> [EXTRACTED DATA]
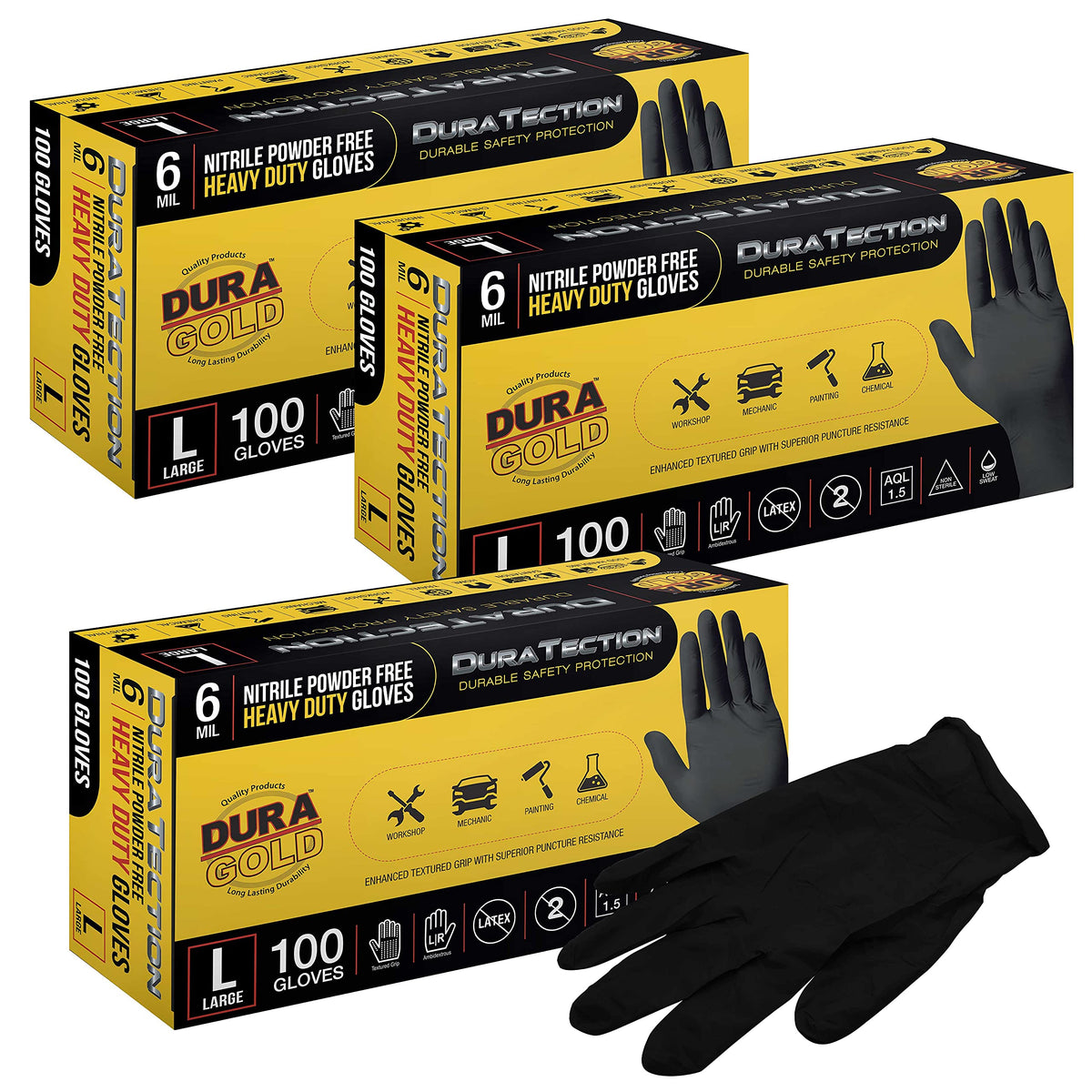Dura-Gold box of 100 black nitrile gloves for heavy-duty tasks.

* * *

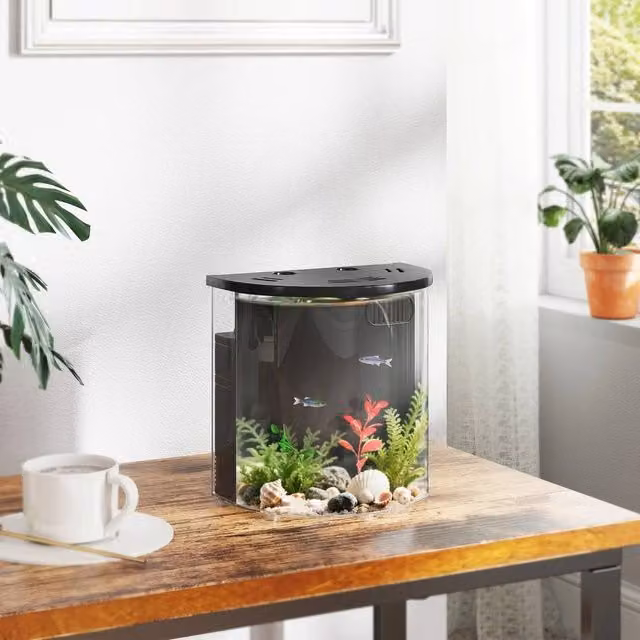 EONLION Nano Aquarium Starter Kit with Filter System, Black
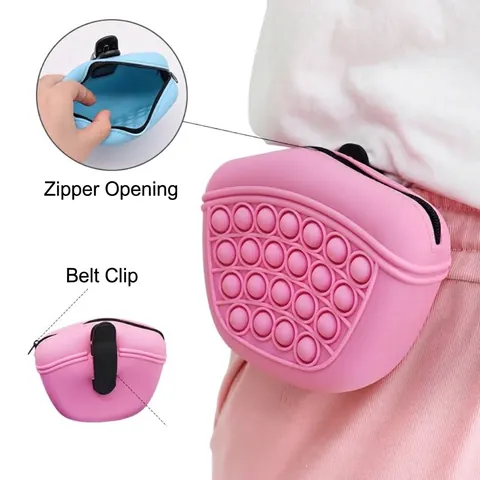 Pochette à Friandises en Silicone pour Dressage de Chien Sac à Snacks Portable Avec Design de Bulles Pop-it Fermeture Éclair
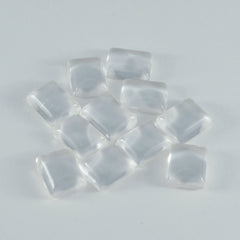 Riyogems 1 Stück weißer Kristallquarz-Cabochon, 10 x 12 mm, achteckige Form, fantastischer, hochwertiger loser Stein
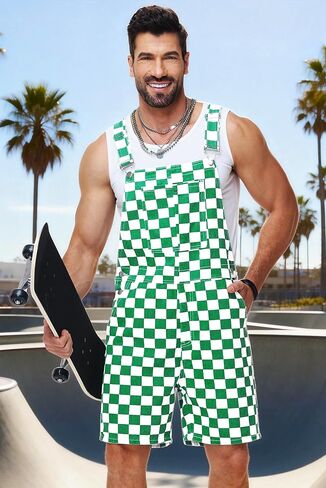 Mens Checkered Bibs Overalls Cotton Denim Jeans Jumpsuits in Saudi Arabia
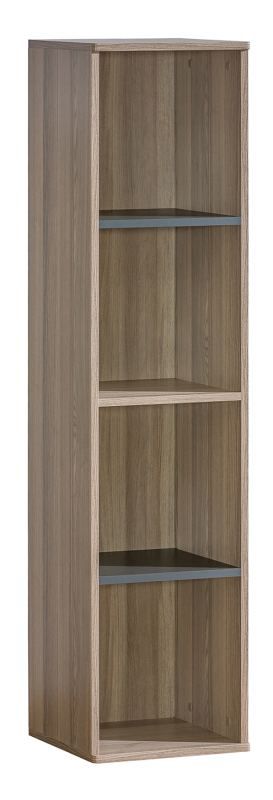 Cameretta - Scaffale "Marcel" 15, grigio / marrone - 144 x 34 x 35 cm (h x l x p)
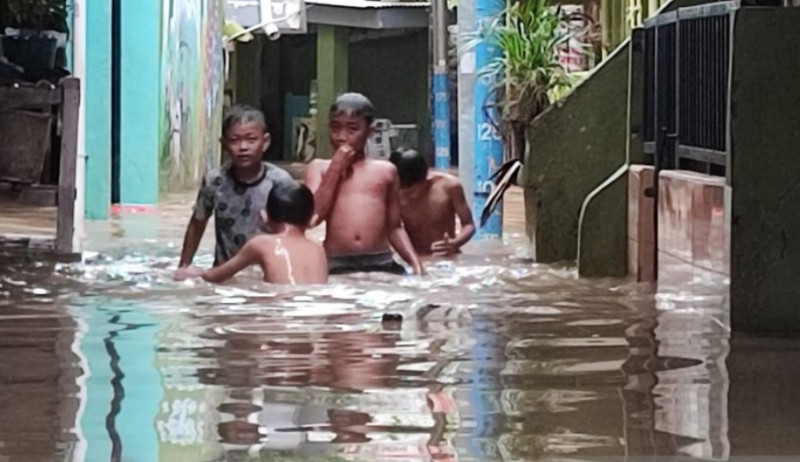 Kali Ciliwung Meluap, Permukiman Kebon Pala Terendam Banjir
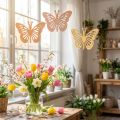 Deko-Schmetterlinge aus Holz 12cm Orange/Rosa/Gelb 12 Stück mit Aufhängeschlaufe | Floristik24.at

==

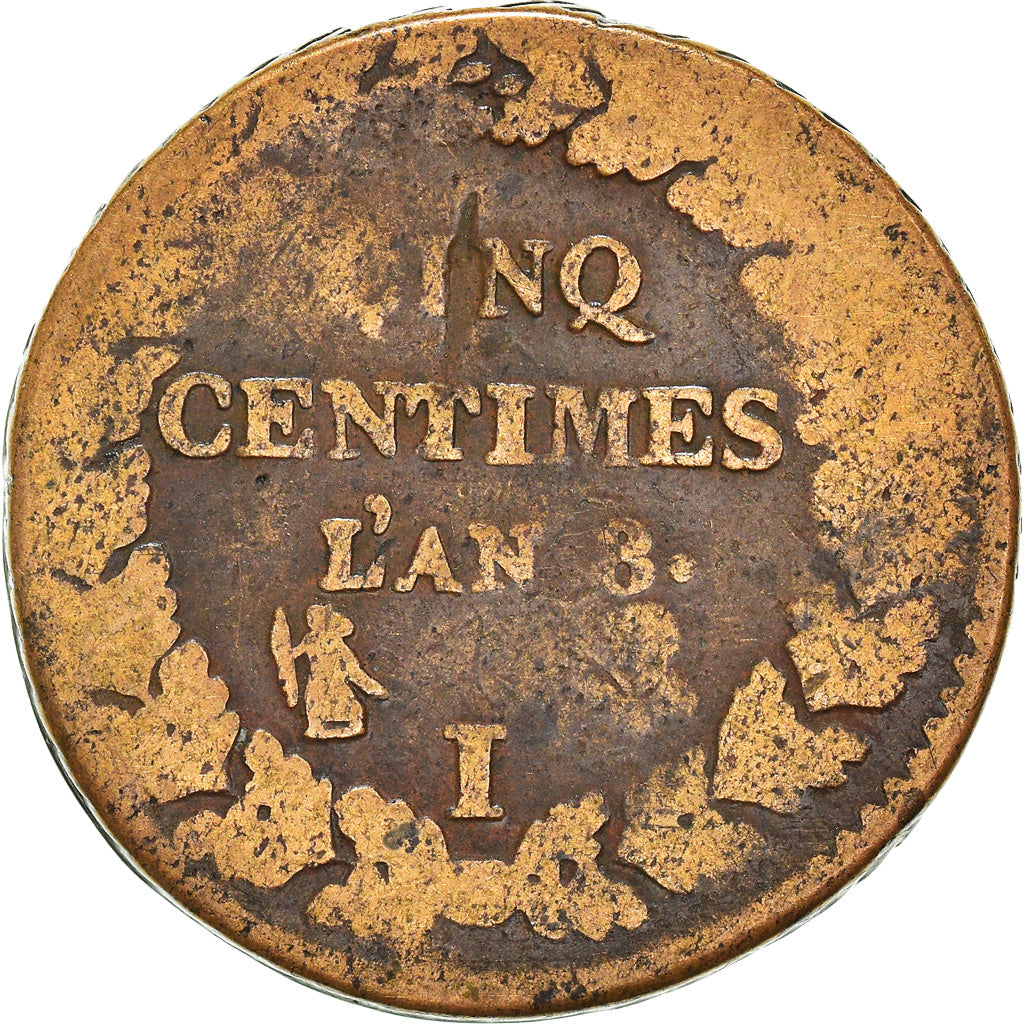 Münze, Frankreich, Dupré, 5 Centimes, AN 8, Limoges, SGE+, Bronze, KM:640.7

> [TASK ITEM] Transcribe the listing above exactly, but only from the line with "Kali Ciliwung Meluap, Permukiman" through the line with "Deko-Schmetterlinge aus Holz". Include both of those lines and omit the pictures.

> [OUTPUT]
 Kali Ciliwung Meluap, Permukiman Kebon Pala Terendam Banjir
 Deko-Schmetterlinge aus Holz 12cm Orange/Rosa/Gelb 12 Stück mit Aufhängeschlaufe | Floristik24.at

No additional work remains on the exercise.